Subtypes and status-dependent data: pure relational approach
In this post I’ll show how to use constant columns to solve a common problem of encoding status-dependent information (or subtypes, more generally).
Constant columns always contain the same hardcoded value in each row of the entire table, enforced by a check constraint. This is a genuinely interesting approach that I think is not common knowledge.
Every time I post some new content that talks about table schemas I get a handful of scathing remarks from people who suggest that I haven’t read enough of works by certain obscure authors that I supposedly never heard of, most commonly Codd and/or Date. It’s not always clear how my thinking is supposed to change, if I were to engage in that type of activity, but I am very much interested in how other people’s thinking changes as the result of reading theory, so I always try to understand the presented opinion, however unflattering and often opaque.
This time I received a genuinely interesting insight about encoding subtypes in a way compliant with the Make Invalid States Unrepresentable principle. “Subtype” is a bit abstract: specifically, we’ll apply it to modeling statuses and some data that is only valid for a specific status.
Problem statement
Consider the following problem: we need to build a system that lets customers upload image files, and processes those files, detecting various animals pictured in those images. An uploaded image could be in three possible states:
pending;
invalid: in this state we need to record an error message, such as “unrecognized format”;
completed: in this state we need to record a list of animals detected in the image;
We want to design a solution that removes the possibility of incorrect (contradictory) data. We are interested in purity, so let’s make the schema NULL-free. We’ll use classic relational constraints such as CHECK and foreign keys.

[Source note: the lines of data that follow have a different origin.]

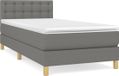 vidaXL Boxspring met matras stof donkergrijs 80x200 cm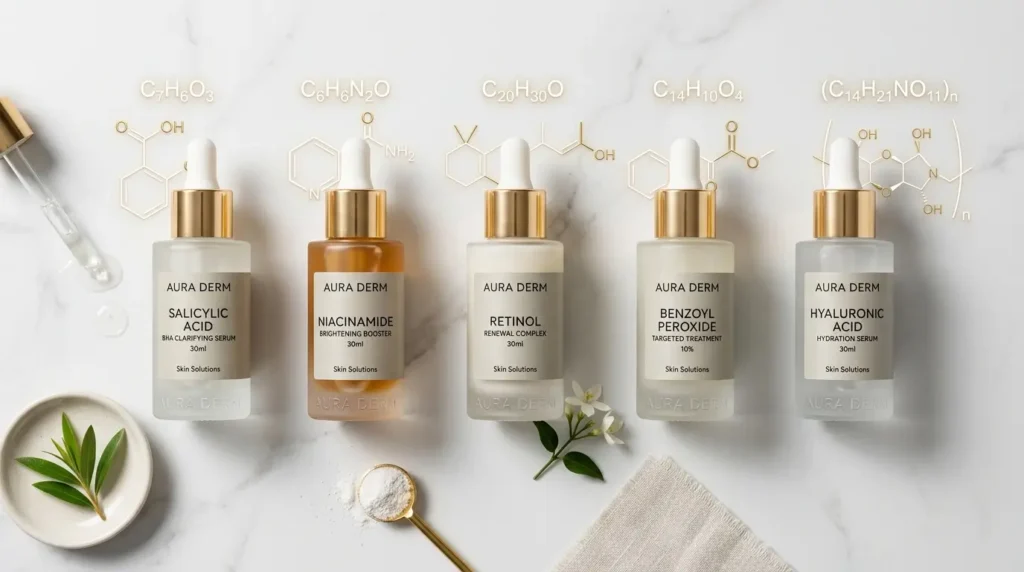 Skincare ingredients including salicylic acid, niacinamide, retinol, benzoyl peroxide, and hyaluronic acid displayed in luxury glass bottles.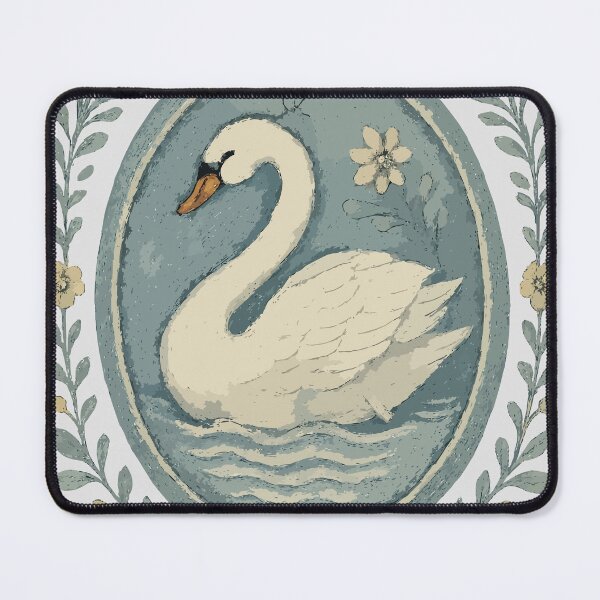 Item preview, Vintage Swan Botanical Ornament Illustration designed and sold by Beans' Art Studio.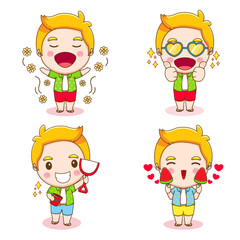 Set cartoon illustration of cute boy with summer activities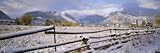 Fence on a Snow Covered Landscape and Prince of Peace Chapel, Aspen, Colorado, USA Photographic Poster Print by Panoramic Images , 32x96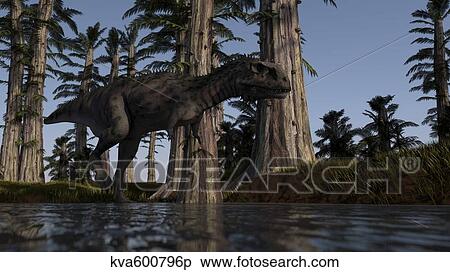 Majungasaurus hunting for food in a prehistoric environment. View Large Illustration Stock Illustration - Majungasaurus hunting for food in a prehistoric environment.. Fotosearch
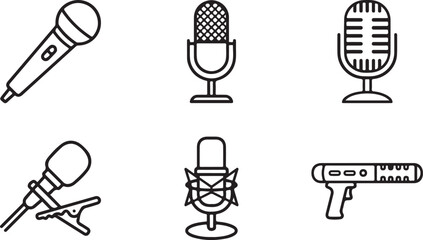 Six different types of microphones icon set Vector © mahafuza
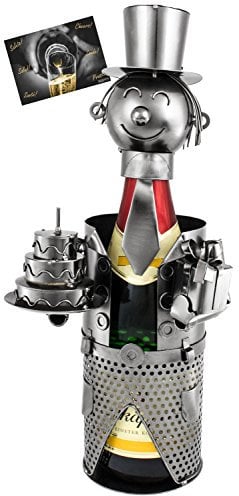 BRUBAKER Flaschenhalter für Sekt oder Champagner - Geburtstag Metall Skulptur mit Geschenkkarte
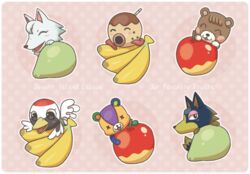  3boys 3girls :3 animal_crossing animal_ears apple banana beak bear_boy bear_ears bear_girl bird_girl bird_tail black_eyes blush blush_stickers border chibi closed_eyes commentary_request english_text food food_focus fruit furry gladys_(animal_crossing) half-closed_eyes hands_up happy light_blush looking_at_viewer maple_(animal_crossing) multiple_boys multiple_girls open_mouth outline oversized_object pear pink_background polka_dot polka_dot_background simple_background smile stitches_(animal_crossing) tail tentacle tsutsuji_(hello_x_2) white_border whitney_(animal_crossing) wings wolf_boy wolf_ears wolf_girl wolf_tail wolfgang_(animal_crossing) x_x zucker_(animal_crossing) 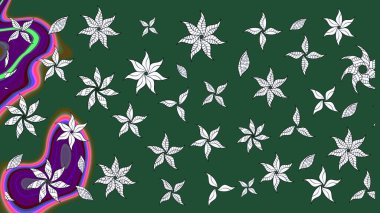 Yeşil renkli çiçekler. Renkli Bahar Teması eskiz kalıbı. Düz Çiçek Elementleri Tasarımı. Çiçekle çizim deseni.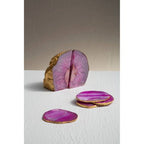 Bowerbird Agata Set of 4 Agate Pink and Gold Coasters - Joe’s Haven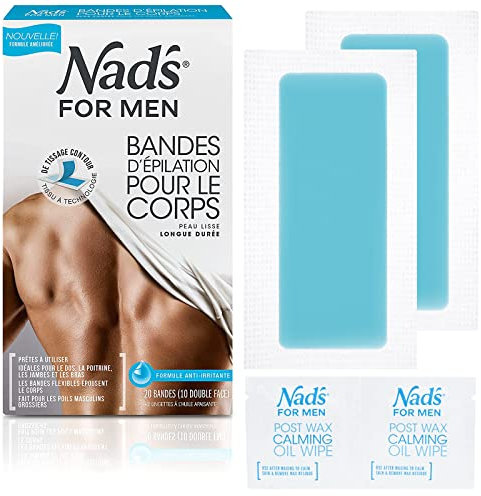 Nad’s For Men Bandes de Cire Corps – Épilation Homme pour Dos, Poitrine, Aisselles, Jambes, Bras – 20 Bandes + 4 Lingettes – Jusqu’à 8 Semaines de Peau Lisse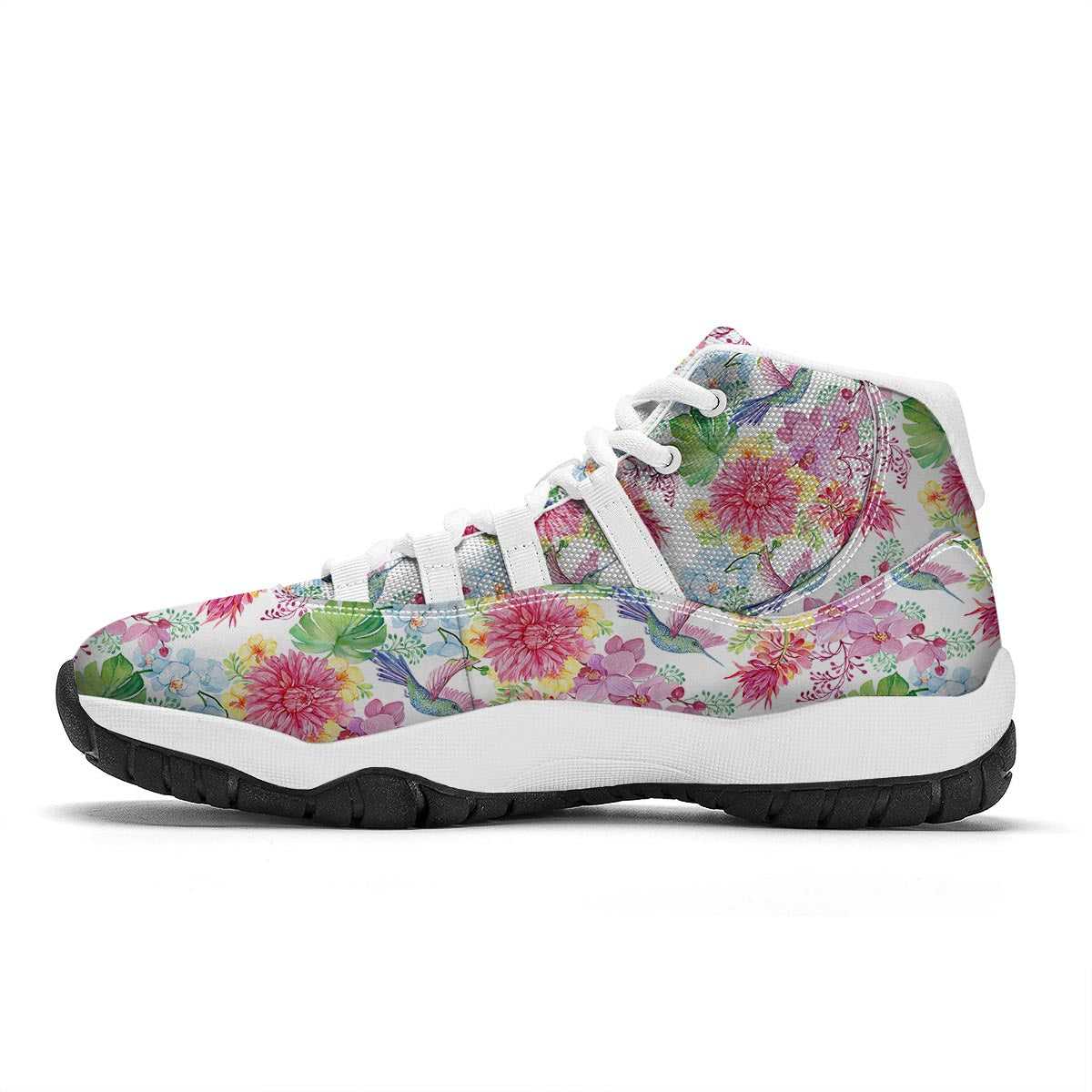 Hummingbird White Floral Drawing White Bball Shoes-grizzshop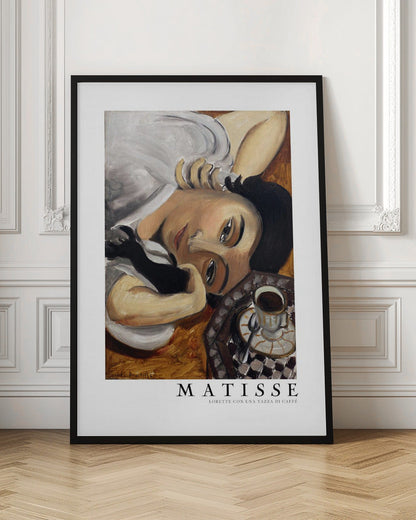 Wall art Lorette Con Una Tazza Di Caffe 1916 Boarder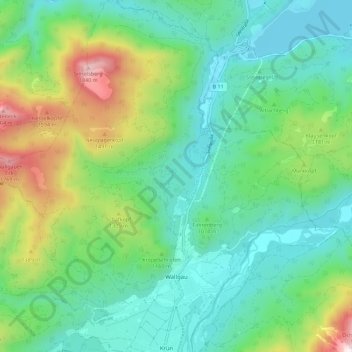 Wallgau topographic map, elevation, terrain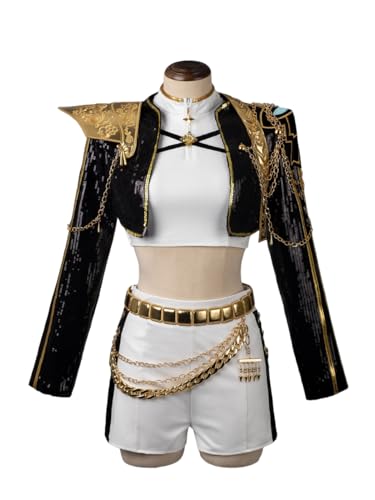 Cosfun Rumi Cosplay-Kostüm für Damen, schwarz, goldene Jacke, Oberteil, Shorts, komplettes Set, Tanzuniform, Outfits, Größe XS von Cosfun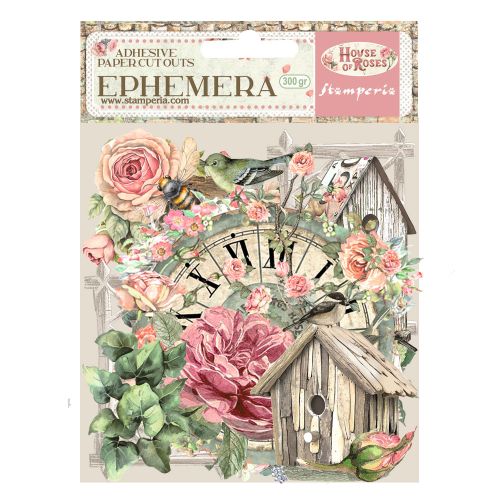 Ephemera - House of Roses -  Kомплект самозалепващи хартиени елементи - 16 х 16 см.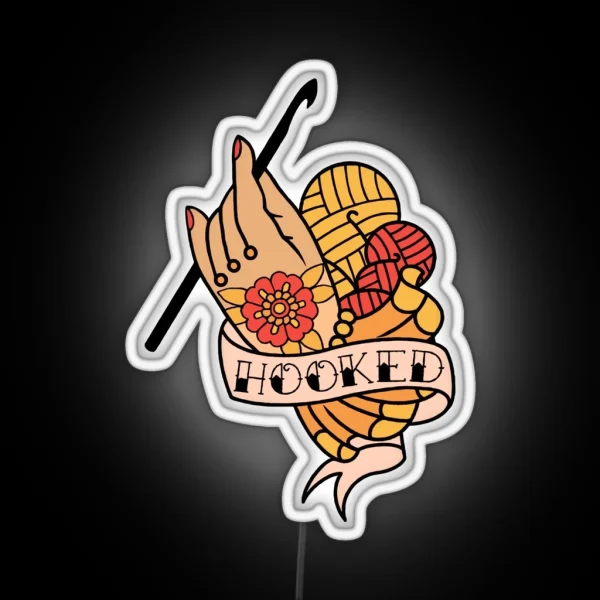 Hooked Tattoo Flash RGB Neon Sign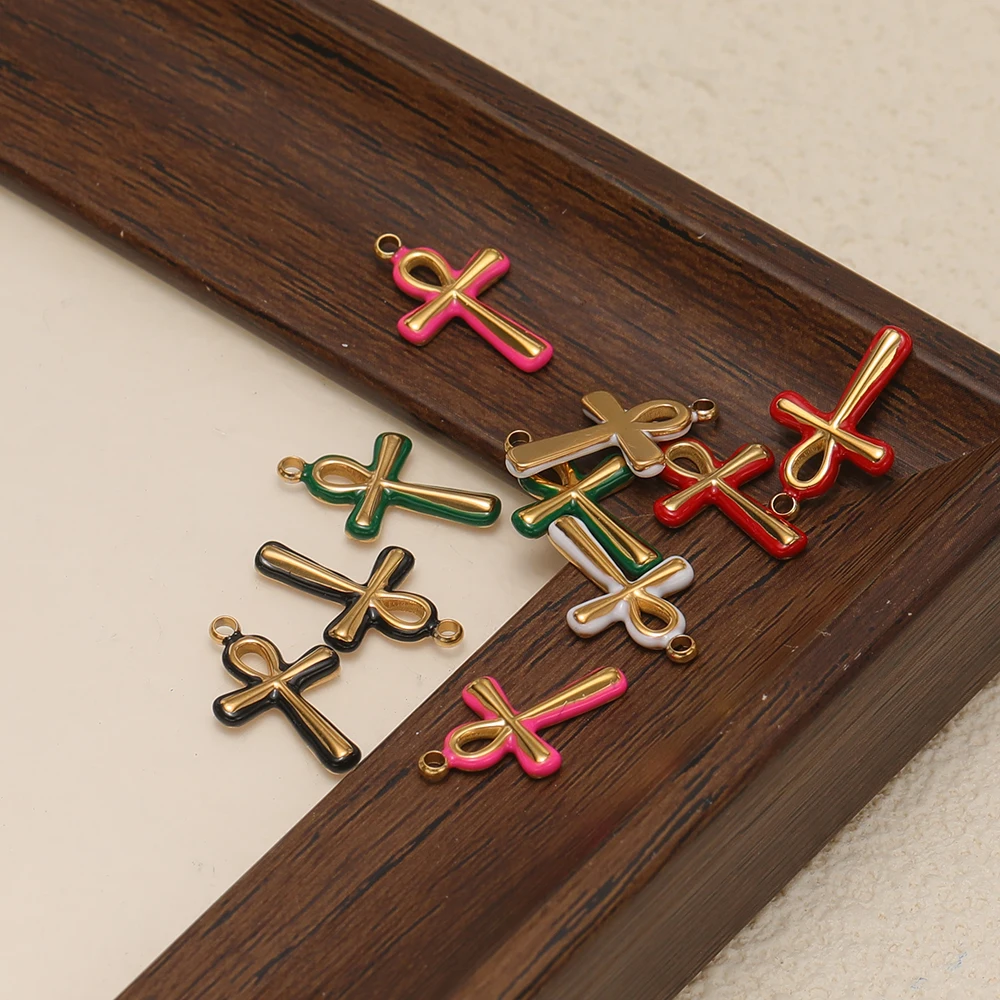 5 Stück Edelstahl-Anhänger mit schwarzem Emaille-Kreuz, DIY-Schmuckzubehör für Damen, zur Herstellung von Ohrringen, Halsketten und Armbändern. – Detail 4
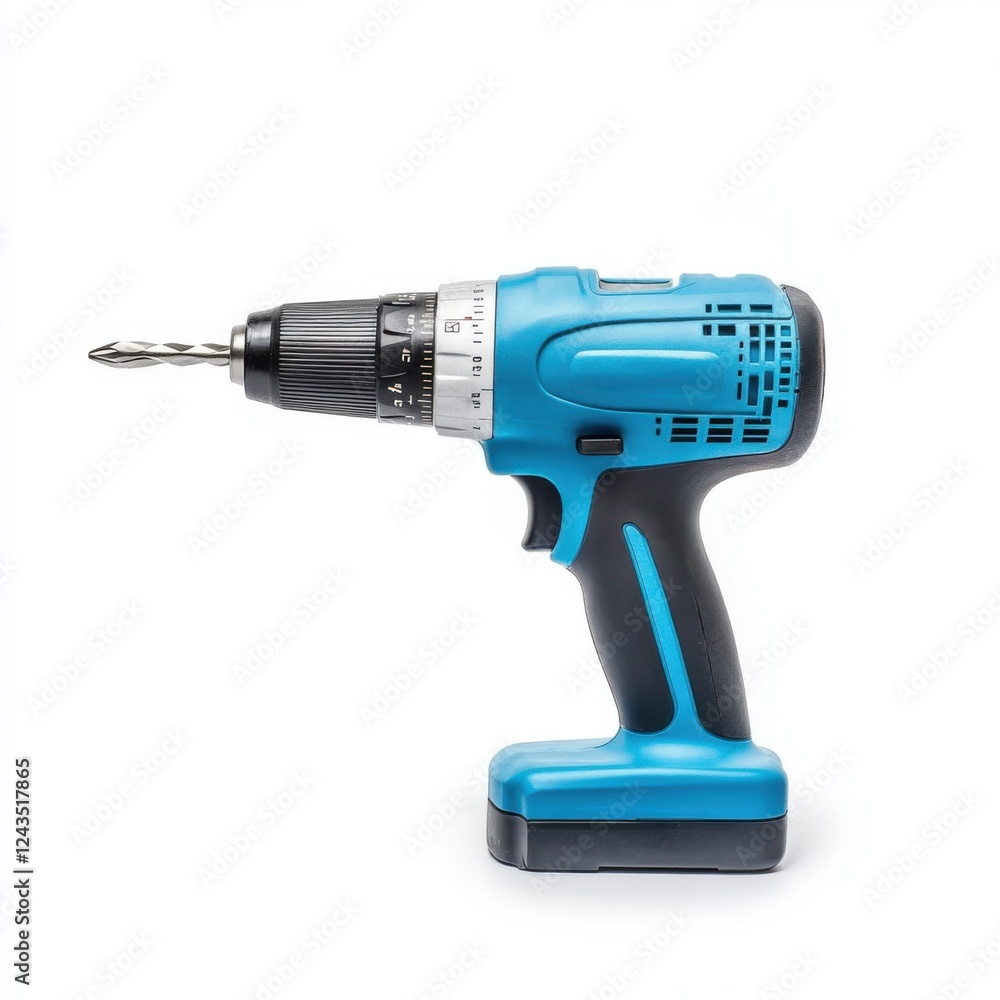 Poster blue cordless drill with battery and drill bit for home improvement and diy projects in studio setti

Solution via constant columns
To maximize the “TL;DR” factor, let’s jump straight to the solution. We need three tables:
main table that contains images;
second table that contains errors for invalid images;
third table that stores the list of detected animals;
(Here is the playground link with the schema and some queries: https://dbfiddle.uk/h7gRpBbI).
CREATE TABLE images (
id INTEGER NOT NULL,
status VARCHAR(16) NOT NULL,
image VARCHAR(4096) NOT NULL,
CHECK (status IN ('pending', 'invalid', 'completed')),
PRIMARY KEY (id),
UNIQUE KEY (id, status)
);
CREATE TABLE invalid_images (
id INTEGER NOT NULL,
status VARCHAR(16) NOT NULL DEFAULT 'invalid',
error_message VARCHAR(128) NOT NULL,
CHECK (status = 'invalid'),
PRIMARY KEY (id, status),
FOREIGN KEY (id, status) REFERENCES images (id, status)
);
CREATE TABLE detected_animals (
image_id INTEGER NOT NULL,
status VARCHAR(16) NOT NULL DEFAULT 'completed',
ndx INTEGER NOT NULL,
latin_name VARCHAR(64),
CHECK(status = 'completed'),
PRIMARY KEY (image_id, status, ndx),
FOREIGN KEY (image_id, status) REFERENCES images (id, status)
);
Annotated schema: images
Here is the annotated guide to this schema. It is written in an old-school way with the goal to make it maximally illustrative.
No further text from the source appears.